Robert Schuyler Anderson 1954–2016

by Bill Clark

It came as a terrible shock. A tremor ran through me and my insides felt empty and sad when I was told that Bob Anderson had died. Wildlife has lost one of its most competent and devoted defenders. Human society has lost one of its most decent and considerate persons. I have lost a friend whom I admired enormously.

Bob was a US federal prosecutor. He had specialized in wildlife cases for more than a quarter century, and he was exceptionally good at it. Over the years, he had brought hundreds of criminals to court—wildlife smugglers, trophy dealers, bird pushers, snake salesmen. He invariably won his cases and achieved a conviction. He won because he was the very best at what he did. He was the best because he cared, and he labored meticulously over his case preparations.

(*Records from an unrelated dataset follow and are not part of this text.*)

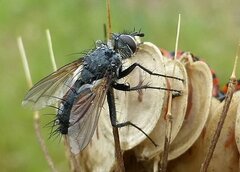 Eriothrix rufomaculata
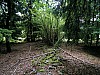 Kunejov_E1_10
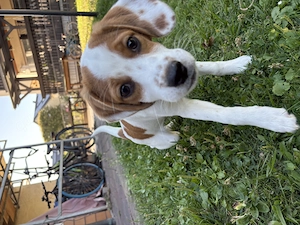 Beagle sucht passendes Zuhause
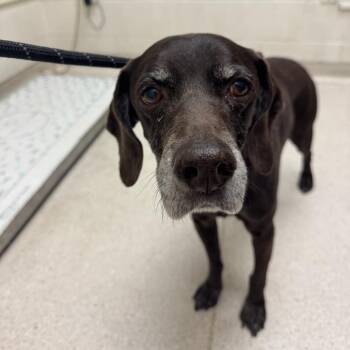Champ -  German Shorthaired Pointer and Mixed Breed Dog for Adoption in Murray, Utah - Champ | PetCurious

In the end, his heart gave out. I like to think this was because he gave so much of his heart in everything he did. Bob knew his heart was ailing. He had undergone open-heart surgery 11 times over the years—each time the surgeons trying to apply some new technology or procedure. He always emerged from the ordeal with a smile and an estimate about when he would be able to get back to work.

Knowing his heart was so vulnerable, Bob once explained to me that he had no alternative other than to live each day as if it were his last. And if this was his last day, he wanted it to be his best.

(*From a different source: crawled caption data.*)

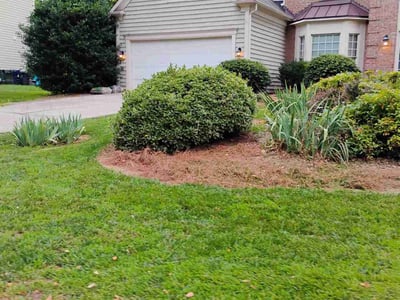 Lawn care service in Huntersville, 28078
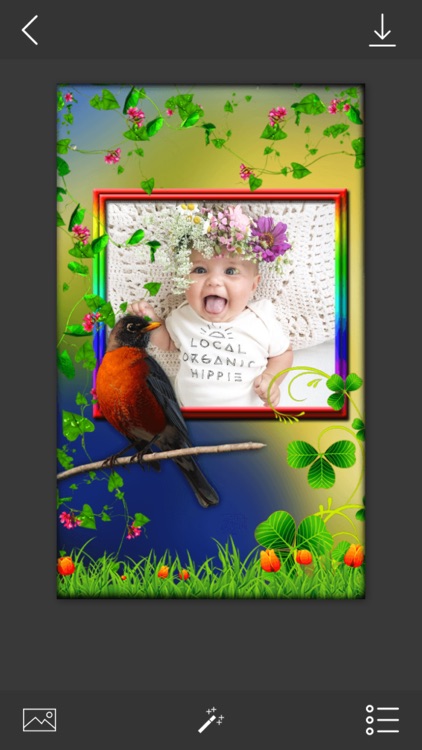 Bird Photo Frames - Make awesome photo using beautiful photo frames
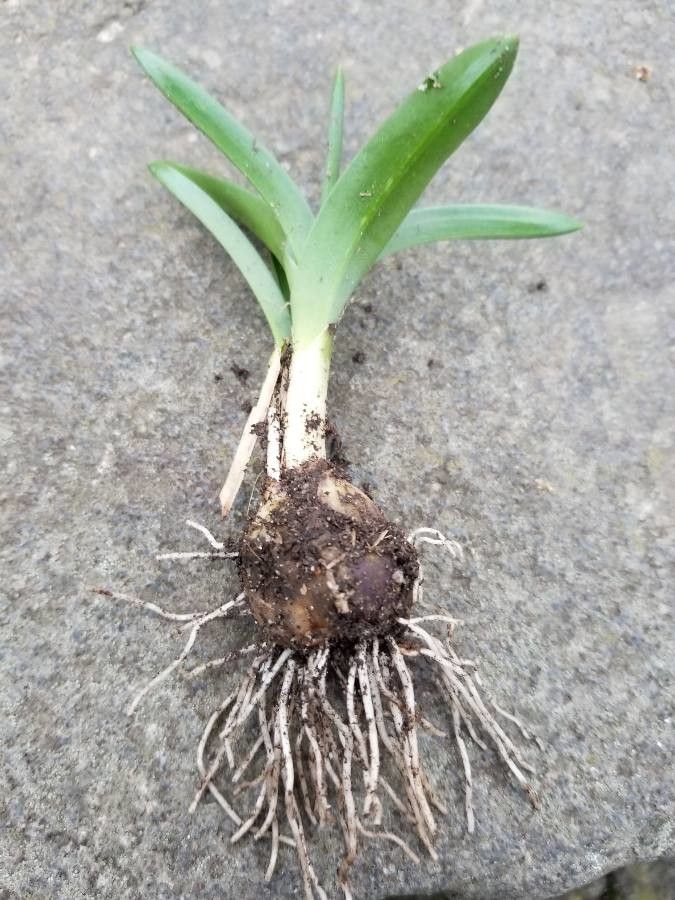 Gladiolus carneus other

Bob Anderson was the prosecutor who put the infamous Keng Liang “Anson” Wong into federal prison for six years. Wong was a Malaysian reptile dealer who specialized in trafficking the rare and the dangerous. Some of his clients were Americans, and Wong violated the US Endangered Species Act over and over again so that he could profit handsomely by selling them Komodo dragons and other rare exotics. But Wong was tracked, and he was caught, and despite Wong paying for some of the most expensive defense attorneys available, Bob Anderson was successful in achieving conviction on 40 felony violations of US law.

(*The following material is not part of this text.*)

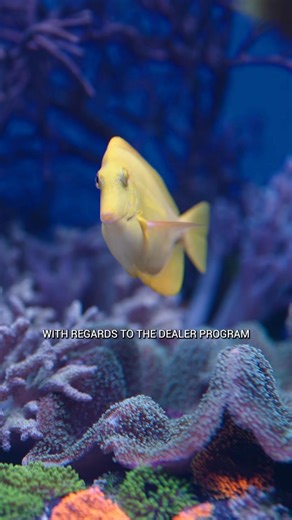 3.6K views · 73 reactions | Here at Seachem, we believe community is at the heart of everything we do. We love rolling up our sleeves and working side by side with our distributors. Sharing knowledge, building relationships, and supporting the passion that keeps the aquatics hobby thriving, one tank at a time﫧 | Seachem Laboratories, Inc | Facebook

There were many other prosecutions—ones involving fancy cowboy boots made of sea turtle leather, bear gall bladder traffickers, trophy smugglers. When the indictment read “US vs. ...” the concept of “US” was not abstract to Bob Anderson. Rather, he appreciated that he was representing the interests of every US citizen.

Bob took no pleasure in achieving convictions and putting people into prison. But he frequently recalled that assured, competent prosecution is an important deterrent, and the certainty of such prosecution deters at least some potential criminals from exploiting wildlife illegally. “Law, without enforcement, is merely advice,” was one of his mottoes.

Bob was also keen on helping developing countries improve their wildlife prosecutions, always seeking higher standards of professionalism and integrity. For his outstanding efforts at home and abroad, AWI awarded Bob its Clark R. Bavin Wildlife Law Enforcement Award in 2010.

Bob Anderson established an almost impossibly high standard of professionalism throughout his career. His is a reputation that the younger generation of federal prosecutors should seek to equal.